# ga16de & ka24e swap



## sl0wthe0ry (Feb 19, 2004)

has anyone seen or done a swap w/ a ka24e into a 94 sentra? is it even possible or worth it?


----------



## Shift1.6 (Jul 22, 2003)

Your better off swaping a sr20de or sr20det on your car. Most of the members here will tell u that but if you want a challenge then go for the ka24. People has talked about swaping a ka24 in there sentra but i never seen it happen. You will get more out of the sr20. If i have a choice of a swap ill take the sr20 with no doubt.


----------



## Harris (Nov 11, 2002)

Don't even think of swapping in a KA. You're better off swapping in an SR20 if you're going to spend your money on this kind of a project. The KA24E especially is the wrong motor to think of for a swap. That's like someone telling me to swap over a GA16 motor in place of my SR. Not happening.


----------



## sunnysentra (Jul 24, 2002)

I used to have a 94 KA24E hardbody. I put a header and exhaust on it. It had some wierd intake system, the MAF was bolted on top of the Throttle body. It had good low torque, but no top end what so ever. Its that wierd 3 valve head, 1 intake and 2 exhaust. Don't bother. Build your GA or swap it out, but I believe in the GA, so thats my opinion.

Chris 92 classic :fluffy:


----------



## jmcmanus1 (Jul 17, 2002)

i wouldnt do the swap but it strikes my curiosity. what tranny would you use?


----------



## Harris (Nov 11, 2002)

jmcmanus1 said:


> i wouldnt do the swap but it strikes my curiosity. what tranny would you use?


For the KA24E, you'd need a tranny off of a Stanza (U12). 

For the KA24DE, you'd need a tranny off of an Altima (U13 and L30).


----------



## Cuban_B_93_XE (Apr 24, 2003)

Anyone ever think of swapping the ga16 for a LS1 V8?


----------



## jmcmanus1 (Jul 17, 2002)

i havent thought about it, but maybe www.unstable-hybrids.com. they get crazy with nissans


----------



## pyrocrickett (Jun 12, 2003)

Cuban_B_93_XE said:


> Anyone ever think of swapping the ga16 for a LS1 V8?

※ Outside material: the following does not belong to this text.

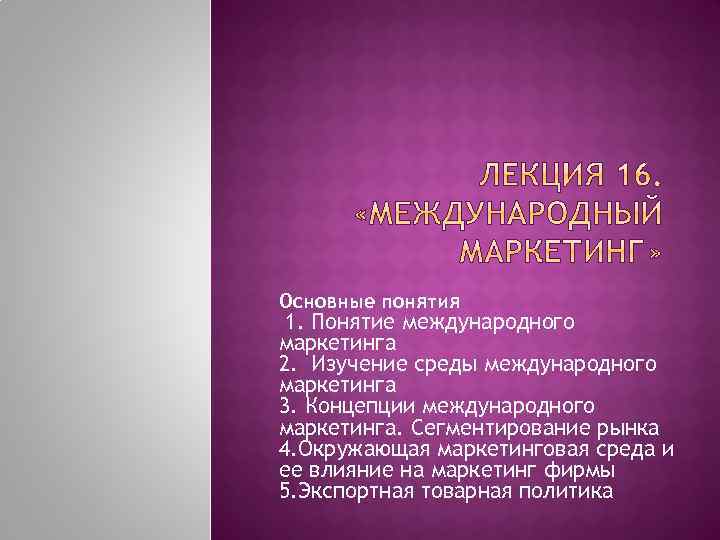 Основные понятия 1. Понятие международного маркетинга 2. Изучение среды международного маркетинга 3. Концепции международного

How could you even wedge that 5.7L Vette engine into a Sentra's lil' engine bay?!?! I mean, it's already pretty snug with just a 2.0L I4!! Not to mention the fact that you'll be needing a whole new drivetrain for your newfound 350 hp and 375 lb-ft of twist if you somehow did! (But _dang_ would that thing scoot!! :thumbup: ) While we're at it, why not drop in an LS6 instead?


----------